Introducing Table Faker: Simplifying Synthetic Data Generation for Developers

In the realm of software development, one of the common challenges developers face is the need for realistic test data. Crafting such data manually can be time-consuming and prone to errors. Enter Table Faker, a Python package designed to streamline the process of generating synthetic yet authentic-looking table data for various applications. In this article, we'll delve into the features and capabilities of Table Faker, empowering developers to efficiently create test data for their projects.
Key Features
Schema Definition: With Table Faker, defining the structure of your tables is a breeze. Utilizing a straightforward YAML format, you can specify table schemas, column names, data generation code, and even relationships between tables.
Faker and Randomization: Leveraging the powerful Faker library, Table Faker enables the creation of fake data that closely resembles real-world scenarios. Randomization ensures diversity and authenticity in the generated data.
Multiple Output Formats: Table Faker offers flexibility in output formats, catering to diverse project requirements. Whether you need data in a Pandas DataFrame, SQL insert scripts, CSV, Parquet, JSON, or Excel format, Table Faker has you covered.
Installation
Getting started with Table Faker is as simple as running
pip install tablefaker
Sample YAML File
version: 1
config:
locale: en_US
tables:
- table_name: person
row_count: 10
columns:
- column_name: id
data: row_id
- column_name: first_name
data: fake.first_name()
- column_name: last_name
data: fake.last_name()
- column_name: age
data: fake.random_int(18, 90)
- column_name: dob
data: fake.date_of_birth()
null_percentage: 0.20
- column_name: salary
data: None # NULL
- column_name: height
data: "\"170 cm\"" # string
- column_name: weight
data: 150 # number
Sample Code
import tablefaker
# Export to CSV
tablefaker.to_csv("test_table.yaml")
# Export to SQL insert scripts
tablefaker.to_sql("test_table.yaml")
# Export to JSON
tablefaker.to_json("test_table.yaml", "./target_folder")
# Export to Parquet
tablefaker.to_parquet("test_table.yaml", "./target_folder")
# Export to Excel
tablefaker.to_excel("test_table.yaml", "./target_folder/target_file.xlsx")
Custom Functions
Table Faker provides developers with the ability to define custom functions for generating column data. This advanced feature offers flexibility and control, allowing developers to incorporate logic that retrieves data from databases, APIs, or other sources.
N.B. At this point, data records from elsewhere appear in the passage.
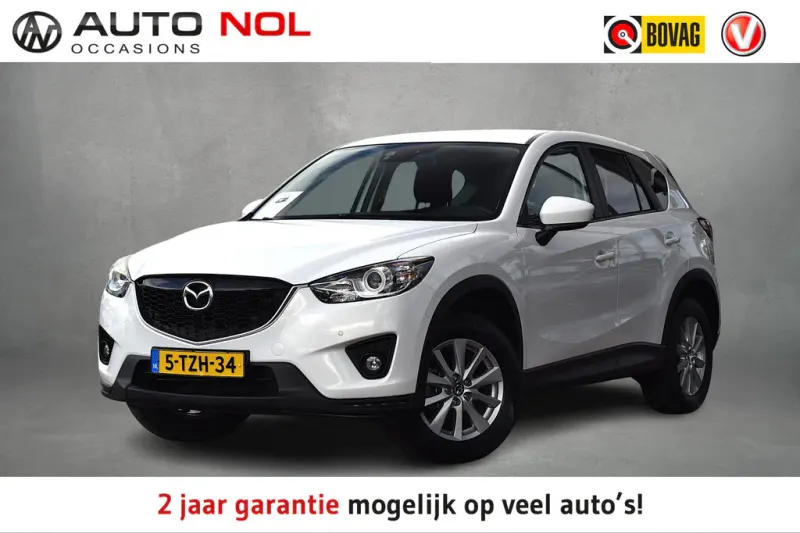 Mazda CX-5 (2014)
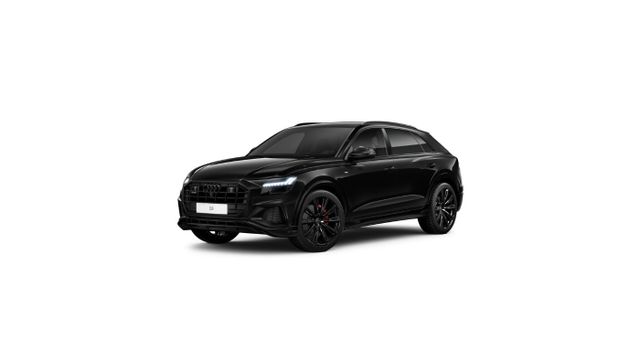 Audi Q8 (Matrix-LED.AHK.PDC.Head-Up.SHZ vo+hi.DAB)3.0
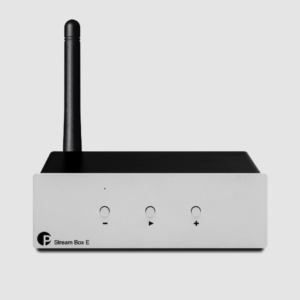 Pro-Ject, Stream Box E, Streamer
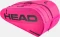 Head Tour Racquet Bag L Tennistasche rosa Vorschaubild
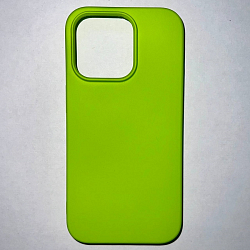 Задняя накладка NANO 2.0 для iPhone 14 PRO зеленый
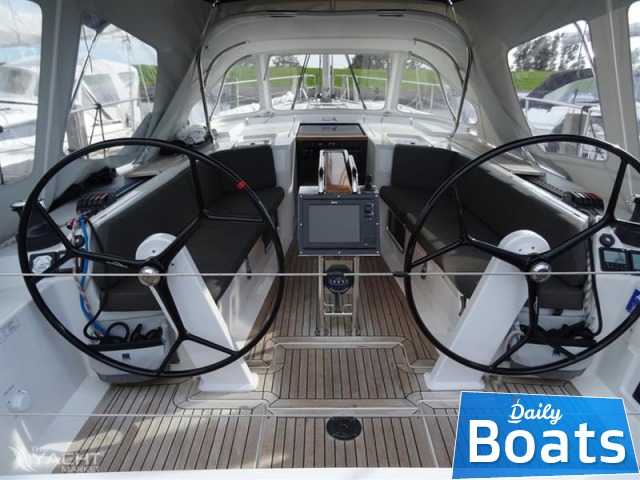 2011 Hanse 445 for sale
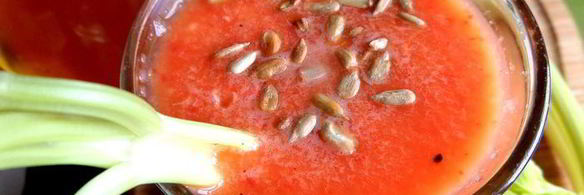 напиток овощное царство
from tablefaker import tablefaker
from faker import Faker
fake = Faker()
def get_level():
return f"level {fake.random_int(1, 5)}"
tablefaker.to_csv("test_table.yaml", "./target_folder", custom_function=get_level)
Conclusion
With its intuitive schema definition, integration with Faker for realistic data generation, and support for multiple output formats, Table Faker emerges as a valuable tool for developers seeking to streamline test data generation. Whether you're working on software testing, data analysis, or application prototyping, Table Faker empowers you to efficiently create synthetic data that meets your project's needs.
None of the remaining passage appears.